>>>>
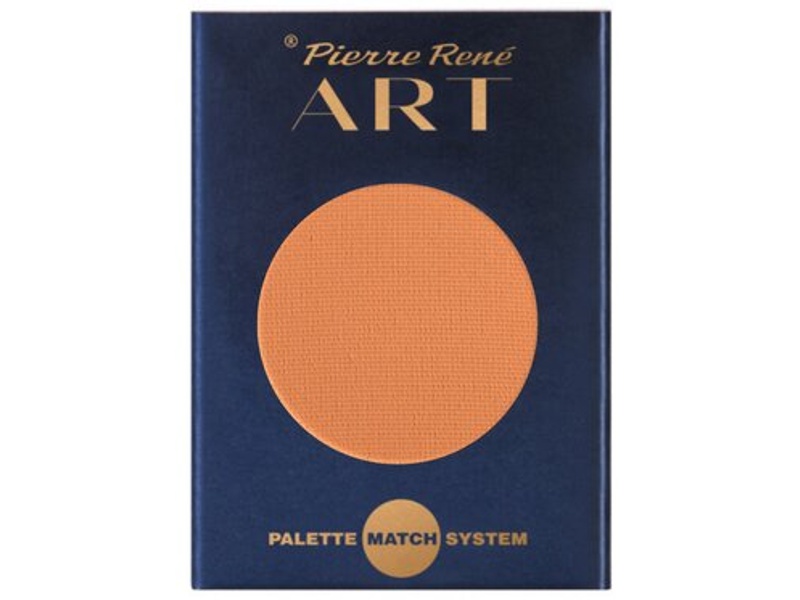 PIERRE RENE ART PALETTE MATCH SYSTEM 013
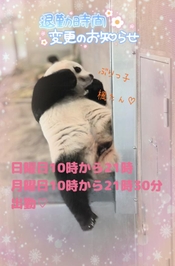 コロコロコロリン???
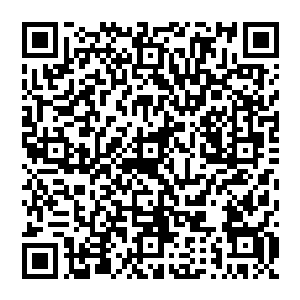 而且这些东西实际上不过是杨戬使用从黑水宗藏宝库之中得来的材料的三分之一的东西炼制的二维码生成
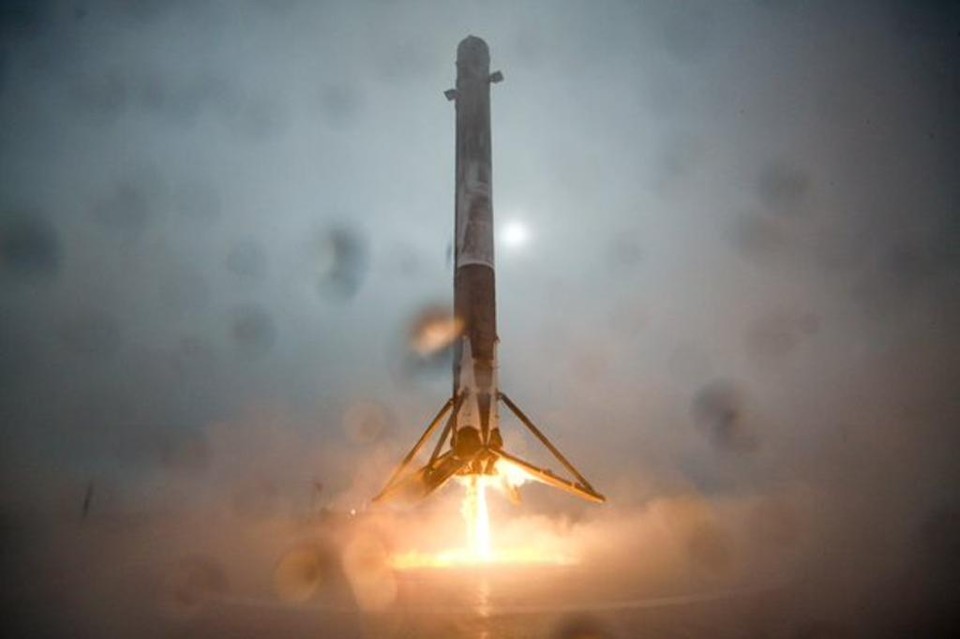 | Twitter/Elon Musk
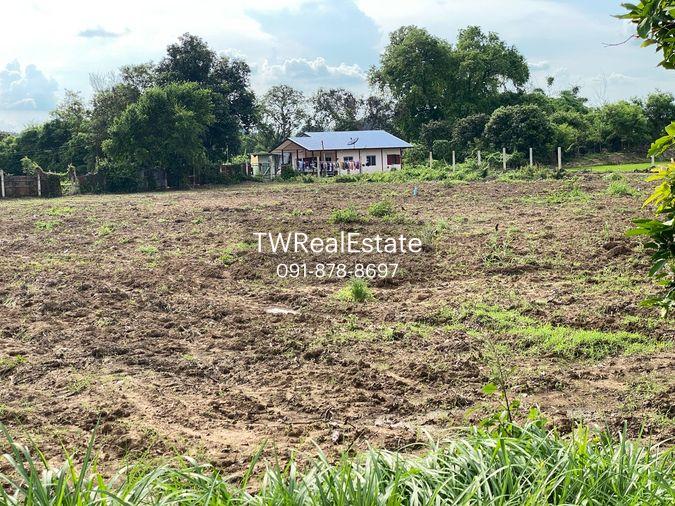 picture Land for sale in Sing Buri, opposite Wat Phra Non, 4-2-16 Rai, price 10.35 million Baht, width 88 meters, drectangular plot, adjacent to Highway 3032. - 7/14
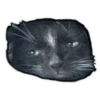 Rare cats 15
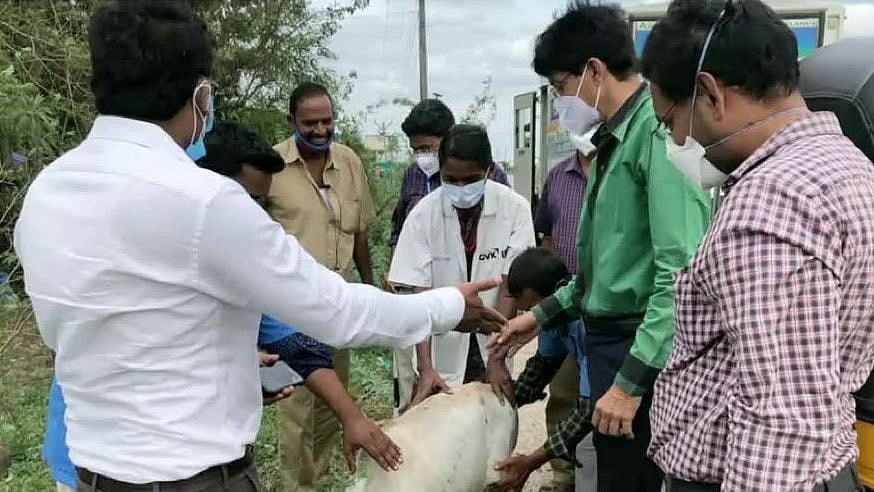 “சாலையில் அடிபட்ட கன்றுக்குட்டிக்கு முதலுதவி சிகிச்சை அளித்த ராதாகிருஷ்ணன்” : குவியும் பாராட்டு!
<<<<
*What this task involves*
Across the whole listing, reproduce each line verbatim and exclude every picture.

*Worked solution*
 PIERRE RENE ART PALETTE MATCH SYSTEM 013
 コロコロコロリン???
 而且这些东西实际上不过是杨戬使用从黑水宗藏宝库之中得来的材料的三分之一的东西炼制的二维码生成
 | Twitter/Elon Musk
 picture Land for sale in Sing Buri, opposite Wat Phra Non, 4-2-16 Rai, price 10.35 million Baht, width 88 meters, drectangular plot, adjacent to Highway 3032. - 7/14
 Rare cats 15
 “சாலையில் அடிபட்ட கன்றுக்குட்டிக்கு முதலுதவி சிகிச்சை அளித்த ராதாகிருஷ்ணன்” : குவியும் பாராட்டு!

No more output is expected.